There are a variety of reasons that you might want to crop your image. Your image might not be at the correct aspect ratio, or there might be elements or areas of your image that you don't want to include. In this image for example, I had to put so many neutral Density Filters on top of my lens, in order to slow down my exposure, so that I could get this effect with the waterfall. That you can actually see those neutral density filters. So we need to remove those. In order to select the Crop Tool, we can either tap the C key or we could select the Crop Tool from our toolbar. When you select the Crop Tool, you automatically get a crop mark key around the entire image.
But you can also position your cursor anywhere inside the image, and Click and Drag out a marquee. Let's go ahead and tap the Escape key, to escape for a moment. Because I want to show you, that if you do start changing the size of the marquee as opposed to drawing your own first, then, of course, you can no longer do that. I can't just come anywhere in my image, and start the marquee. But of course, I can change the marquee by Clicking and Dragging on any of the handles, either on the corner points, or on the center.
And then, I can reposition my image within the marquee, by Clicking and Dragging. If I want to select a specific aspect ratio, I could do that at any time, by Clicking and selecting that Aspect Ratio from the menu. Or I can choose a specific width, height, and resolution, and there are a number of presets here, but I could also enter my own, and then create a new crop preset. For now I'll just select 4 by 5. Now because the aspect ratio is 4 by 5 and not 5 by 4, Photoshop automatically drew a vertical crop.

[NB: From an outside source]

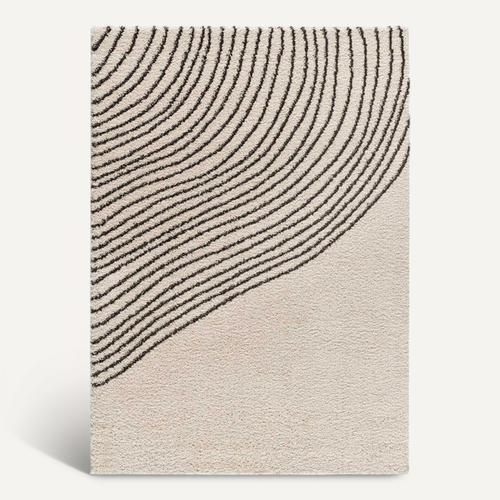 Tapis Shaggy Abstrait Lush Coastalina Blanc/noir 120x180 Cm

But I can quickly change that by either tapping the X key, or by Clicking on these double arrows right here. Then in order to Resize, I'll just select the Handles and Drag them out. There are a number of different overlays, the rules of third, et cetera, which can aid me for cropping my composition. You'll notice that the O key will cycle me through these overlays. So, if I simply release my mouse there, and then tap the O key, we'll go ahead and cycle through these. Now you'll also notice that there's an option to Auto Show the Overlay, or Always Show the Overlay, or never show it.

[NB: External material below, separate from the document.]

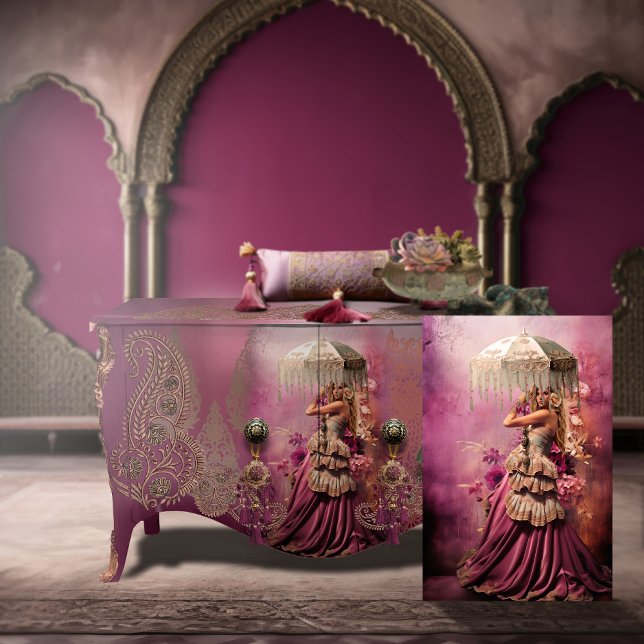 Papel De Seda Retrato de belleza boho, parasol y arte floral (Wildflower, Boho Chic, Eclectic, Blonde Beauty, Floral & Parasol, Furniture Decoupage Tissue Paper)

I prefer the Auto Show Overlay, otherwise the overlay is always there. If I choose Auto Show, you'll notice the overlay was hidden. But if I start to Resize the crop marquee, the overlay is then displayed. As soon as I let go, then Photoshop automatically hides that overlay. If I want to hide the area, that I'm going to crop, this area here outside of the Crop Marquee, I can tap the H key to hide it, and then tap the H key again to toggle it back on. If I wanted to cancel out of my Crop, I could click on the Cancel button or tap the Escape key.
If I want to apply the crop, I can click on the Checkmark, or tap the Return or Enter key. You'll notice that after applying the crop, the crop marquee is hidden by default. If I want to crop, I will need to Click and Drag out another crop marquee, or I could just switch tools. Had I swapped to say the Marquee Tool and then come back to the Crop Tool, then I would automatically get that crop marquee around the entire image. If I want to clear the aspect ratio here, I could go ahead and Click on the Clear Button.
Then, let's go ahead and load them up again. In this case, I'll just choose one to one, because I want to show you that if I Click on this icon right here, It will clear out not only the Aspect Ratio, but it will also put the crop back so that it surrounds the entire image. So if you want to just kind of reset it, you want to clear out all the settings and reset the crop without exiting out of the crop, that's the icon that you want to click. So there you have it. The Crop Tool makes it easier than ever to crop down to the image that you want to keep, and throw away any distracting elements.